NEVINS: What a relief.

HETI: I guess it is a relief.

NEVINS: I imagine, if I were to embark on a project like this, that there’d be things I encountered that I rejected intensely, or maybe I’d be wistful for a past version of myself. And yet all of it’s in there, and I think that’s part of the beauty and candor of the book. So, aside from the formal constraints and dictates that you were following, was there any kind of guiding principle to what stayed and what didn’t in service of the larger project?

HETI: It sounds kind of ridiculous to say, but I just wanted to keep the better sentences in, the more interesting ones, the ones that made sense out of context. Because not every sentence did. There were sentences that had no style or beauty or interest in them, so I took those out. I tried to leave the sentences that could be read on their own and had a certain kind of tone or a certain resonance or a certain mood. And then, in cutting, I would cut the sentences that got in the way of the potential of two other sentences adjoining each other and creating something very funny or something very interesting.

NEVINS: Which often resulted in some very funny joke constructions, by the way. Like, “Mom said she can’t really respect someone who hasn’t worked hard and made something of themselves. Mom said, some women want Brad Pitt, that doesn’t mean they can have him.” The cadence of it reminded me of my own Boomer parents. Did you enjoy the process of stitching jokes together?

HETI: Yeah, I did. And it’s kind of like a discovery. You realize, “Oh, if I actually cut these 12 sentences, then this could be a good joke.” So it’s a weird way of writing because you’re searching for the joke rather than explicitly writing it. You’re trying to see, “How can I make a joke out of everything that’s here?” And the only way to make a joke is to cut sentences, because you can’t write new ones.

NEVINS: You’ve got to kill your darlings.

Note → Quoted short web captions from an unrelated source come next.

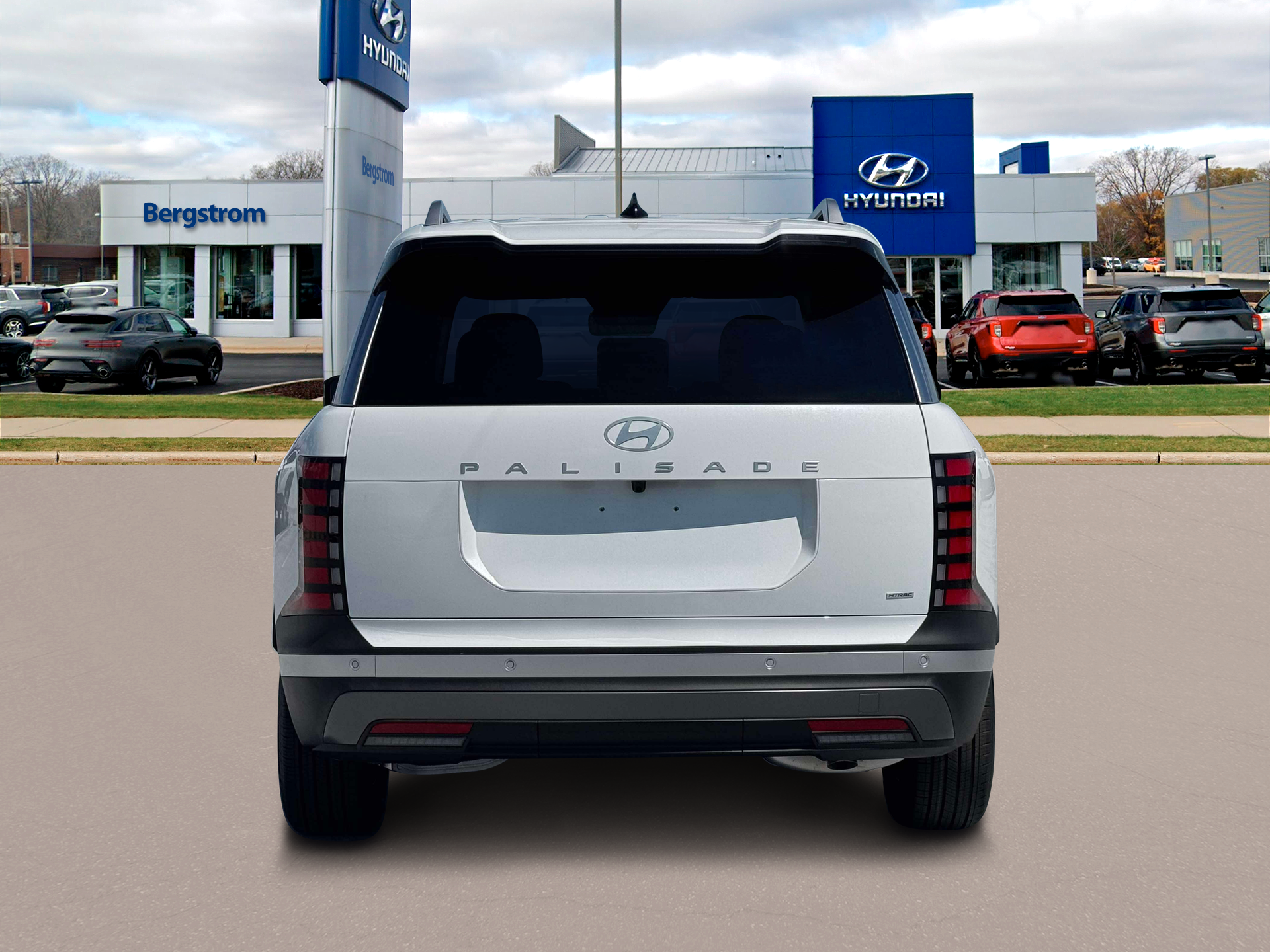 2027 Hyundai PALISADE SEL AWD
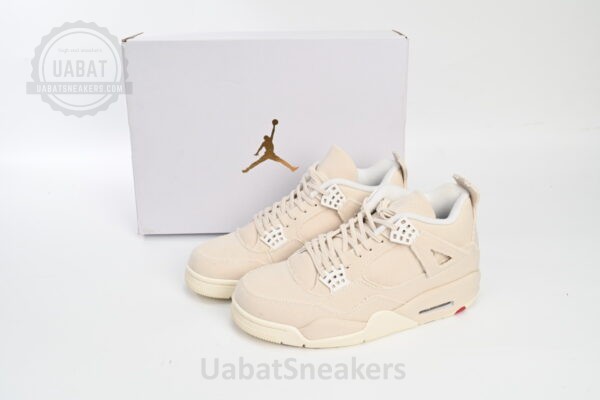 Air Jordan 4 Retro Blank Canvas - Image 3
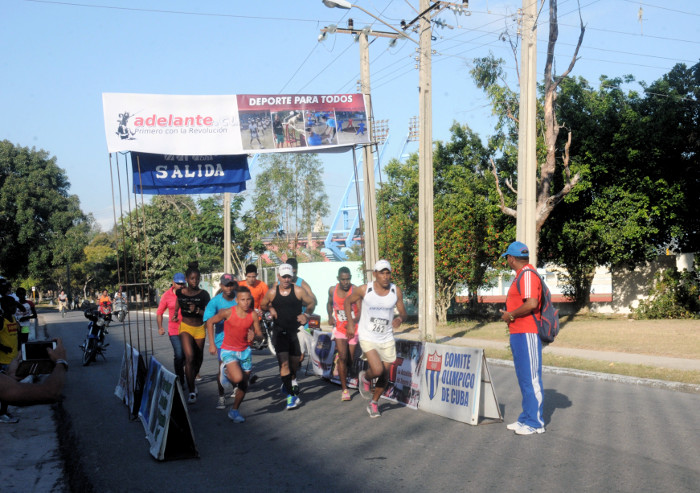 Camaguey corrió por Adelante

I love to hear that your guiding principle, to the extent that there was one, was the sentence, because I felt like this book as a whole marks some sort of restoration of the primacy of the sentence as a worthwhile craft in and of itself. I don’t want to make any sweeping and ultimately reductive characterizations of contemporary literature, though, so I’ll simply ask if that differed from your approach to your past books.

HETI: Oh, yes. When I wrote my first novel, which was my second book, Ticknor, I was really trying to make beautiful sentences. And then with How Should A Person Be?, I didn’t want to think about style at all. I wanted something that sounded like speech, something kind of messy and something that looked like it hadn’t been worked over, even though it had. With Motherhood, I wasn’t thinking too much about the sentence, and with Pure Colour, not quite so much. So yeah, I think you’re right. There was very little else to think about with putting this together. I did think about character in the sense of, “Oh, if I have this sentence in here, it will jar with this character that is being created by these other sentences.” But I couldn’t even edit that much because I really wanted to keep the sentences as I’d written them in the diary, because it is sort of a conceptual art project and it doesn’t really work if you change the sentences too much. The sentences have to already be good, you know?

NEVINS: There are a few serendipitous moments where these diaries seem to refer to the book in hand. For instance, you write, “It would be nice to make a book of all the little injunctions you have towards yourself.”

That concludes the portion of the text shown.